I did like the original, but as I've already said it went to long on the game aspect. It also had a place in its own time (in 1973), I just don't see a reason for remaking it in 2002 and adding nothing extra. I won't be going to see it, too many other good movies out this year.


----------



## tokyogirl (Feb 8, 2002)

i know!  i'm struggling to keep up with all the ones i want to see.  it's not working.


----------



## Chilly (Feb 8, 2002)

*lol*

thats the one dave!
thanks for the clear up!im getting old.........lol

thats just sda
trying to link the remake with one of vins best movies! lol
desperate or wat?


----------



## tokyogirl (Feb 8, 2002)

they really really want the remake to do well.  even though most movie-goers knew fast and the furious would be a big hit, the critics predicted it would be a big flop.  no one would go see it.  but instead it was one of the summer's highest grossing movies.  They're kind of hoping they can recreate that same kind of success with rollerball.  but if there's anything the movie industry has taught us it's that you can't recreate an unexpected success.  it just doesn't work.  it's the same reason blair witch 2 failed so misserably.


----------



## Chilly (Feb 12, 2002)

*lol*

i guess so! 
i still havent seen vin in TF&TF.................


----------



## tokyogirl (Feb 14, 2002)

you're really missing out.  i think it was the first movie i saw him in.


----------



## Chilly (Feb 17, 2002)

*.*

 not fair

i think wed better get bak on topic,,........dave is gone!!!!!!i think its me drooling over vin!


----------



## Dave (Feb 17, 2002)

I haven't gone!

But what is there to say about a film I'm probably not going to see?  There are already movies I want to see which I haven't managed yet -- Vanilla Sky, Just Visiting.

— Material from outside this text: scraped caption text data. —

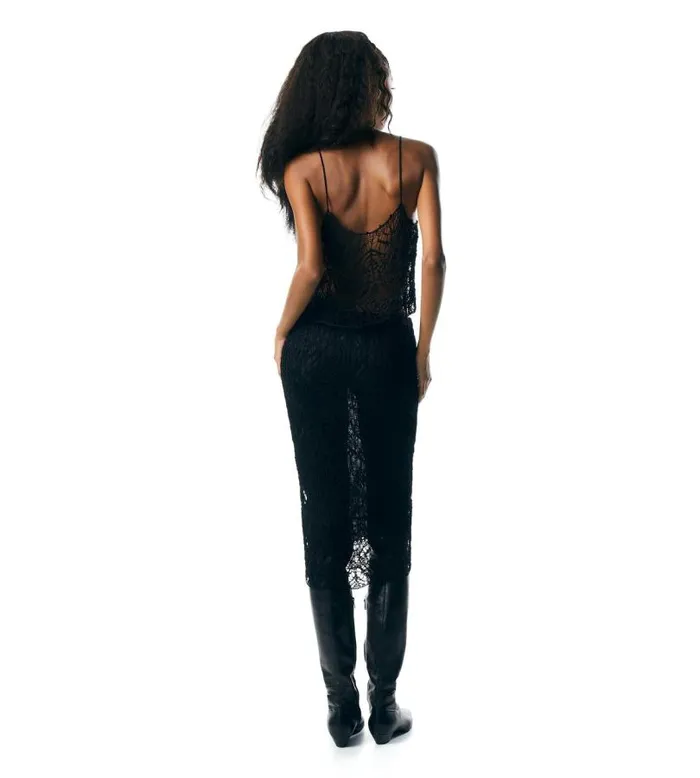 Women Knitwear Tom Ford Fine Viscose Lace Tank Top Black Women Knitwear Tom Ford Fine Viscose Lace Tank Top Black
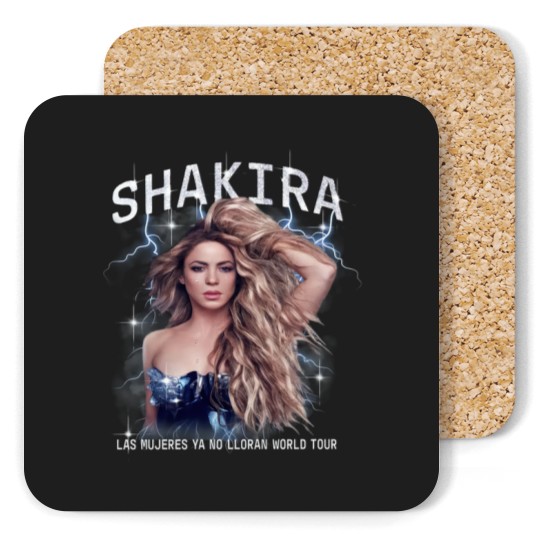 Discover 2024 Shakira Tour Coasters, Las Mujeres Ya No Lloran World Tour Coasters
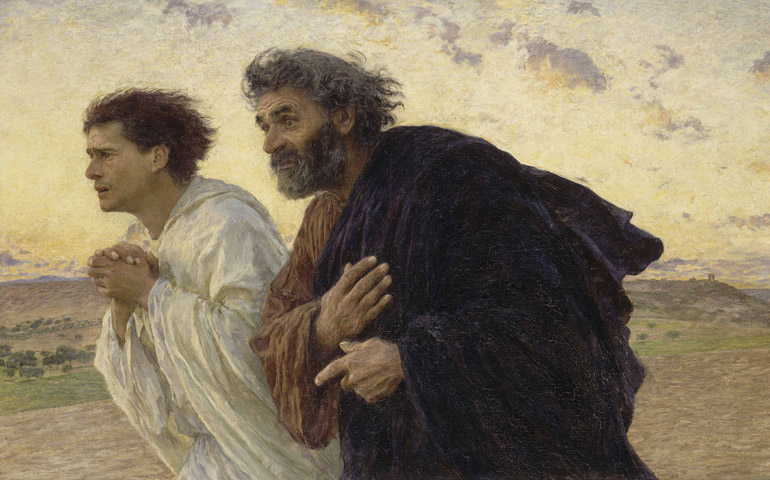 'Pedro y Juan corren al sepulcro la mañana de la Resurrección', de Eugène Burnard (1898). Museo d'Orsay, París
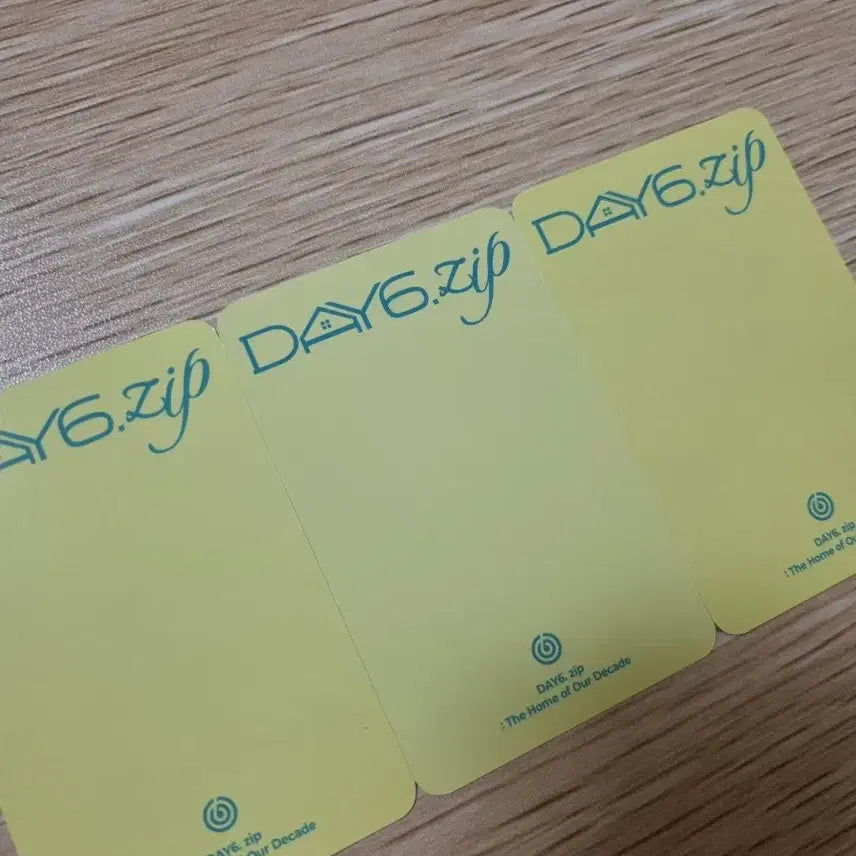 (일괄)데이식스day6 zip팝업 포카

The original Rollerball was a mould-breaker when it first came out, so I like it for that. But it doesn't stand the test of time IMHO.

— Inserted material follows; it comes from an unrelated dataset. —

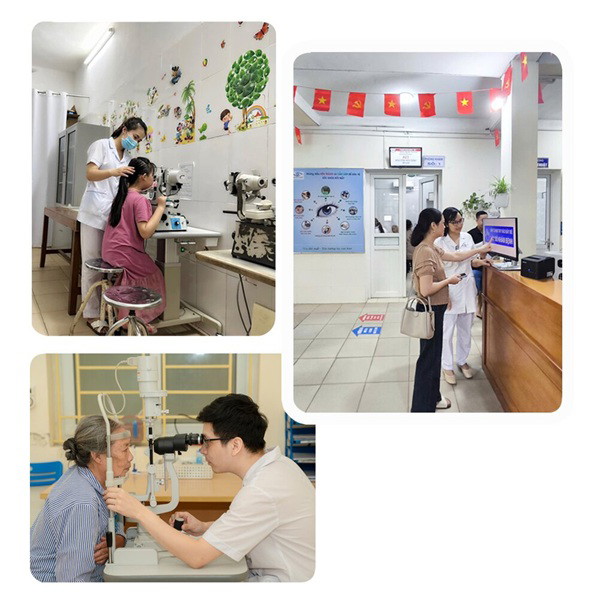 Bệnh viện Mắt tỉnh Ninh Bình trang bị trang thiết bị đầy đủ, số hóa các thủ tục hành chính, giúp người bệnh an tâm điều trị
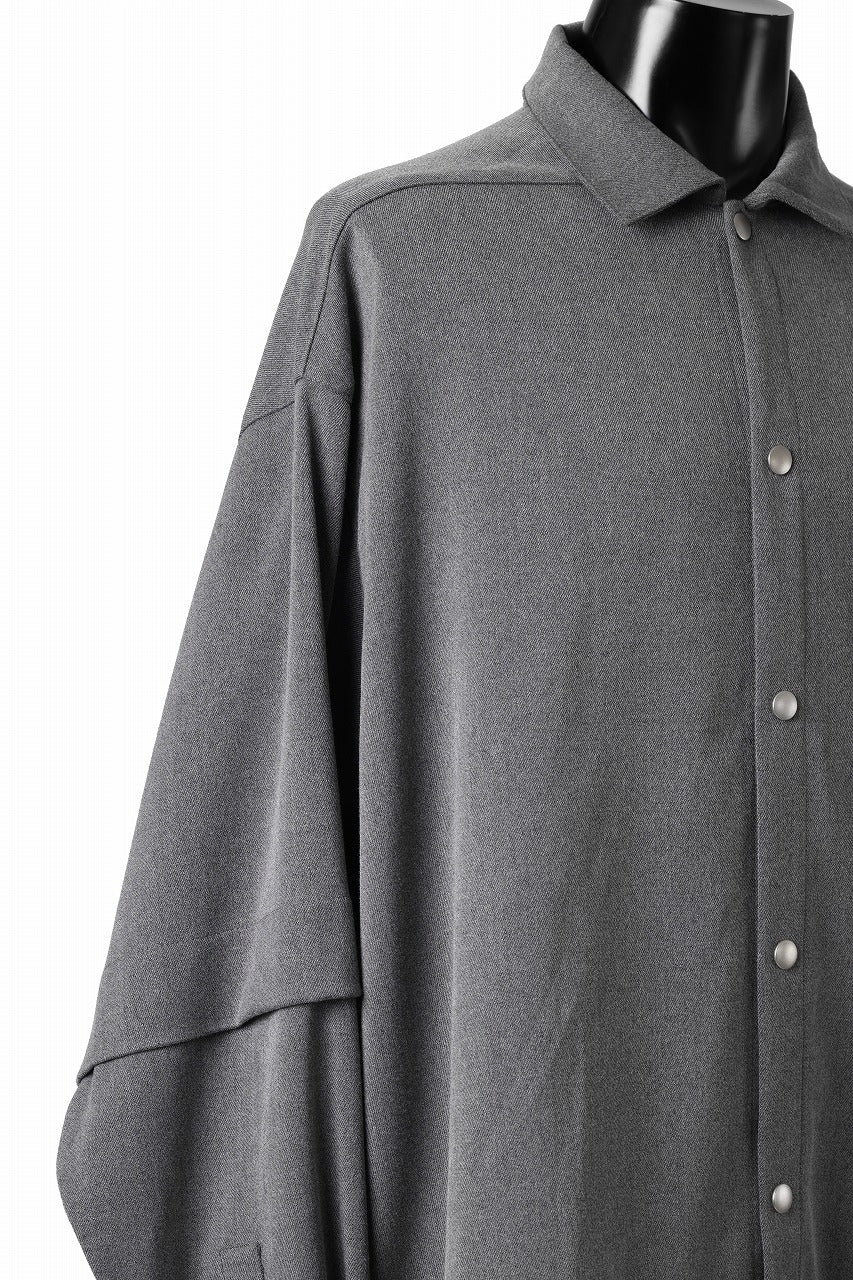 A.F ARTEFACT LAYERED SLEEVE OVER SIZE SHIRTS / SERGE TWILL (L.GREY)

Drooling over Vin -- wel no, I'm not likely to be doing that either.


----------



## tokyogirl (Feb 18, 2002)

well you should be


----------



## rde (Feb 18, 2002)

Selected quotes:
Not another remake! ... There are already movies I want to see which I haven't managed yet -- Vanilla Sky, Just Visiting.

S******. Both are remakes y'know. I'm a big fan of Les Visiteurs, and while I haven't seen Abre los Ojos, those who have seem to think highly of it.


----------



## rde (Feb 18, 2002)

WTF? I didn't put any asterisks in there... and it wasn't a rude word (by any standards).


----------



## Dave (Feb 18, 2002)

I knew Just Visiting was a remake, but I didn't know Vanilla Sky was too. Planet of the Apes, Matrix 2, Star Wars, Star Trek X, Time Machine, Farenheit 451. . . . can't they think of anything original then?


----------



## tokyogirl (Feb 19, 2002)

no.  i mean, when you think about it, almost every movie you see takes from another one.  mission impossible 2 was basically a remake of the 1946 Hitchcock film Notorious, except with better special effects.  i mean take this plot: two people meet.  one is naratically planned, sensible and strait.  the other is carefree, reckless, and kind of on the crooked side.  they resent each other at first, but end up needing each other in the end.  can you guess which movie it is?


----------



## Chilly (Feb 19, 2002)

*lol*

phew dave cam bak!!!!!!!!!!!!

vin rules!!!!!!!

this movie was sorta bad.........oh wait ,...........i havent seen it! lol


----------



## rde (Feb 19, 2002)

C'mon. That's every buddy movie ever made. I've no idea which one you're talking about, but whatever it is, it's a terrible movie.


----------



## tokyogirl (Feb 19, 2002)

it's the basic plot for every buddy movie, or every 'cute meet' movie ever made.  a 'cute meet' movie is one where the 2 main characters meet, are complete opposites and hate each other, but end up falling in love.  the one i was talking about was french kiss with meg ryan and kevin kline, but it's really the basic plot to literally thousands of movies.


----------



## Dave (Apr 10, 2002)

This was on TV again last week, and I watched half of it, before I fell asleep. I have to say that there was much more of the social commentary than had I remembered.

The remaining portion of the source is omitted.